お湯で洗い流しても、何故かベタつきが取れていない気がして、何度もシャワーを浴びた。


けれどダメだった。だから一度、冷水を浴びてみたのだが、これが上手くいったようで、身体にまとわりつく汗は嘘のように身体から流されていった。


それからの3日間、最初に冷水シャワーを浴び、その後で温めのシャワーを浴び身体を洗った。


シトラス系のボディシャンプーは元彼の影響で使い始めたが、振られて2年半経つが未だにシトラス系の物を使用している。


未練はないつもりだが、これを使用し続けているという事は少なからず元彼の事を未だに引きずっているのだろう。


ボディシャンプーを押し出す度に元彼の顔が脳裏を過ぎる。


それは光速で美香の頭の中を駆け抜ける程の一瞬であるが、驚愕している元彼の表情を美香は見逃す事はなかった。

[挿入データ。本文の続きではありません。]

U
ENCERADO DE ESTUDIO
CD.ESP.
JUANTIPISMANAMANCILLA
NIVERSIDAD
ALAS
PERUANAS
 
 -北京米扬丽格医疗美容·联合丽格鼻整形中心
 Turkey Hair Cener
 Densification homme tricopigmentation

別れた原因としては私に結婚願望がなかった事が挙げられる。


元彼は20代の内に結婚し子供も3人以上欲しがっていた。


反対に私はそのどれにも興味がなかった。


他人と結婚しその他人の家族や親戚と付き合わなければならなくなる、


それは美香にとっては地獄そのものだった。


子供もそうだ。赤ん坊の頃は夜泣き等でうるさくたまらない。


少し大きくなれば泣かなくはなるが、走り回ったり一々、尋ねられたりして煩わしい。


そんな子供達が親戚の葬儀等で一斉に集まりでもしたら手に負えない。


自身も小さい頃からそのような集まりが大嫌いだった。


「ほとんど泣かない子だったわ」


とは亡くなった母の言葉だ。


つまり私は生まれながらにして将来、自分が嫌いになる事、興味を持てない事を気づいていたようだ。


そんな私でも泣いた事はある。


数える程だけれど、それは確かにあった。


中学時代に1度、そして大学時代に2度だ。


その中に元彼に振られて泣いたというのは1度として含まれていない。